Convective temperature gradient

Let’s visualize what a convectively-unstable temperature gradient looks like. We’ll create two plane-parallel atmospheres: one isothermal (stable against convection) and one isentropic (convectively-unstable).

For plane-parallel, we can take the gravitational acceleration, \(g\), as constant, and write hydrostatic equilibrium as:

\[\frac{dP}{dr} = -\rho |g|\]

Isothermal

For an isothermal atmosphere, and assuming an ideal gas, we can take:

\[P = \frac{\rho k_B T}{\mu m_u}\]

and inserting this into HSE, we have:

\[\frac{k_B T}{\mu m_u} \frac{d\rho}{dr} = -\rho |g|\]

(where we used the fact that \(T\) is constant to pull it out of the derivative. Then rewriting:

\[\frac{d\rho}{\rho} = - \frac{\mu m_u |g|}{k_B T} = - \frac{dr}{H}\]

where \(H\) is the pressure scale height:

\[H^{-1} = \frac{1}{P} \left | \frac{dP}{dr} \right | = \frac{\rho |g|}{P} = \frac{\mu m_u |g|}{k_B T}\]

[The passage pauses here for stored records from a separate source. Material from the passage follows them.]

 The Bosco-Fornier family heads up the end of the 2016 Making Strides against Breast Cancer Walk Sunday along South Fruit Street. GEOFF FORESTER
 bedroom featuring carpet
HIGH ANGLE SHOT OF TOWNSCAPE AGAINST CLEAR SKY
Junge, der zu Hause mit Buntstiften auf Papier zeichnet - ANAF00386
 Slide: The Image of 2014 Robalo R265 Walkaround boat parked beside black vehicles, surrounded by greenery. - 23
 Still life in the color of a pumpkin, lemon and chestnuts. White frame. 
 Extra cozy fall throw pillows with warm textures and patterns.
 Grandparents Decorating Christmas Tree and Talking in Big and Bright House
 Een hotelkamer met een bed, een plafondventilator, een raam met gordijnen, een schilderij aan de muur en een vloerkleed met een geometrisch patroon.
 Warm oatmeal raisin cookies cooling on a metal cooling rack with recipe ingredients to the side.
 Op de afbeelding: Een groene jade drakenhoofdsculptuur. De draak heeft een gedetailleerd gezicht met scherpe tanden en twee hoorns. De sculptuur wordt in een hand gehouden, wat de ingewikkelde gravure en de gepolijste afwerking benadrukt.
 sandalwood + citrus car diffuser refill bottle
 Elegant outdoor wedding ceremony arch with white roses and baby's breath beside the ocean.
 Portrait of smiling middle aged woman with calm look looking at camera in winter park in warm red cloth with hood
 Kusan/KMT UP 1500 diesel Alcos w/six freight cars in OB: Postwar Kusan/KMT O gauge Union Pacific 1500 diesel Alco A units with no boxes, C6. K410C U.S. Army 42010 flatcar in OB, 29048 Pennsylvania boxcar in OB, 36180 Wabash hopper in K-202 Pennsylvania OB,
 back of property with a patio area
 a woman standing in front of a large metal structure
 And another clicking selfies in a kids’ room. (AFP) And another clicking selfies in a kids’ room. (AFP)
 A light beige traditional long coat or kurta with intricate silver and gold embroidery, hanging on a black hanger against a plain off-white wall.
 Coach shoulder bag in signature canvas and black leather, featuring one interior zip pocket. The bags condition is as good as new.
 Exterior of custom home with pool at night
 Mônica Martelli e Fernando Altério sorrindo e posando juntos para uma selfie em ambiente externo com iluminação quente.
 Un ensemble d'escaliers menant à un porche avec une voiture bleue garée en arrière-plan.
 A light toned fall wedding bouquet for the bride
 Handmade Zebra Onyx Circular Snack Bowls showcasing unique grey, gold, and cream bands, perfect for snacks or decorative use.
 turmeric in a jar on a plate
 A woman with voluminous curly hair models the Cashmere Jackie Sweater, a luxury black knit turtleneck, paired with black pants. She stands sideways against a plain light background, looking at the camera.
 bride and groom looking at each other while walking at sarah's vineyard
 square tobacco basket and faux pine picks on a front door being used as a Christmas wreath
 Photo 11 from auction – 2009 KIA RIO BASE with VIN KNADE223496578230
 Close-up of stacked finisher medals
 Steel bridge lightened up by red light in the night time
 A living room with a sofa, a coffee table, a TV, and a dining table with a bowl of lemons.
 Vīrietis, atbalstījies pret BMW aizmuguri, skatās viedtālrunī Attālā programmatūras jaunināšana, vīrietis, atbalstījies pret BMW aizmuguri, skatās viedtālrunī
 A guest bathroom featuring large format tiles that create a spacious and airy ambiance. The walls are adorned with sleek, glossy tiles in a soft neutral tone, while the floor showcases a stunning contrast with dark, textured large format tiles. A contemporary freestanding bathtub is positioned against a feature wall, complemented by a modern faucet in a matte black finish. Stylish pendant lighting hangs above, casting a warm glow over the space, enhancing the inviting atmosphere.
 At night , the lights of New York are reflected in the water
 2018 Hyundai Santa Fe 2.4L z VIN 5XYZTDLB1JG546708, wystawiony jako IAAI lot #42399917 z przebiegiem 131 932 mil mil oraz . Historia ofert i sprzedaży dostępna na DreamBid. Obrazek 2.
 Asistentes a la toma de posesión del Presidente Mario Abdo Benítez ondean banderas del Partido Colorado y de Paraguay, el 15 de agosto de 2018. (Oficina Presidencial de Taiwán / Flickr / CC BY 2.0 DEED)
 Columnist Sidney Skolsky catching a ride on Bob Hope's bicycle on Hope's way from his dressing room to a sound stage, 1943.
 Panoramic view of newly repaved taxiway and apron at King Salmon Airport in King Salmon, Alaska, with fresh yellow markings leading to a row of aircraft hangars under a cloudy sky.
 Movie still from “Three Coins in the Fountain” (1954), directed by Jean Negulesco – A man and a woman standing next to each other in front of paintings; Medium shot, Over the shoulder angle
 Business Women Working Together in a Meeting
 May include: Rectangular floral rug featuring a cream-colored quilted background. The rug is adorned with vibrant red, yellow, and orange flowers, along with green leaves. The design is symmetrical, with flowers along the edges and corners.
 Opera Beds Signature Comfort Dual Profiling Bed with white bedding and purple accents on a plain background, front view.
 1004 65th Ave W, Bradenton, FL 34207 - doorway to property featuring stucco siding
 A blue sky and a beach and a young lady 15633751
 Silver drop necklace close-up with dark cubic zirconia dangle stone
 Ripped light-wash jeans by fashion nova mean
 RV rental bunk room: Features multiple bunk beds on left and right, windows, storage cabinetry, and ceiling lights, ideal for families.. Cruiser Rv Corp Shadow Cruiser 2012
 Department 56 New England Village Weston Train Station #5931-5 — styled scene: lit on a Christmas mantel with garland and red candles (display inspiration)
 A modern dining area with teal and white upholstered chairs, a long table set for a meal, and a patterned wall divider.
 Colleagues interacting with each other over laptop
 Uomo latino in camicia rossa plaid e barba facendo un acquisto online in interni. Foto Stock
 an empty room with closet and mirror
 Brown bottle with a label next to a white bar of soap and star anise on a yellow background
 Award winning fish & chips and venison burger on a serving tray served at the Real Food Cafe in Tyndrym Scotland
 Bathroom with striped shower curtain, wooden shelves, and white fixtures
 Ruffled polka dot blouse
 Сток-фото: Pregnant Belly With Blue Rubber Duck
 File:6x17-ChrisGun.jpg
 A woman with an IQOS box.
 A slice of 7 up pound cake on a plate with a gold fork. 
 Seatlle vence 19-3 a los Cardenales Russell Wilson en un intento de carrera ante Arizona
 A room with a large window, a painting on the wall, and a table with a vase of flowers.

This can be easily integrated to give:

\[\rho(r) = \rho_0 e^{-r/H}\]

and in terms of pressure,

\[P(r) = P_0 e^{-r/H}\]

Isentropic

If the atmosphere has constant entropy, we can use the adiabatic relation between pressure and density:

\[P = K \rho^{\gamma}\]

Putting this in HSE, we have:

\[\begin{align*} \gamma K \rho^{\gamma - 1} \frac{d\rho}{dr} &= -\rho |g| \\ \rho^{\gamma - 2} d\rho &= - \frac{|g|}{\gamma K} dr \end{align*}\]

Density

This can be integrated. We take \(P(r = 0) = P_0\), \(\rho(r=0) = \rho_0\) and find:

\[\rho(r) = \rho_0 \left ( 1 - \frac{\gamma - 1}{\gamma} \frac{|g|}{K} \frac{1}{\rho_0^{\gamma - 1}} r \right )^{1/(\gamma - 1)}\]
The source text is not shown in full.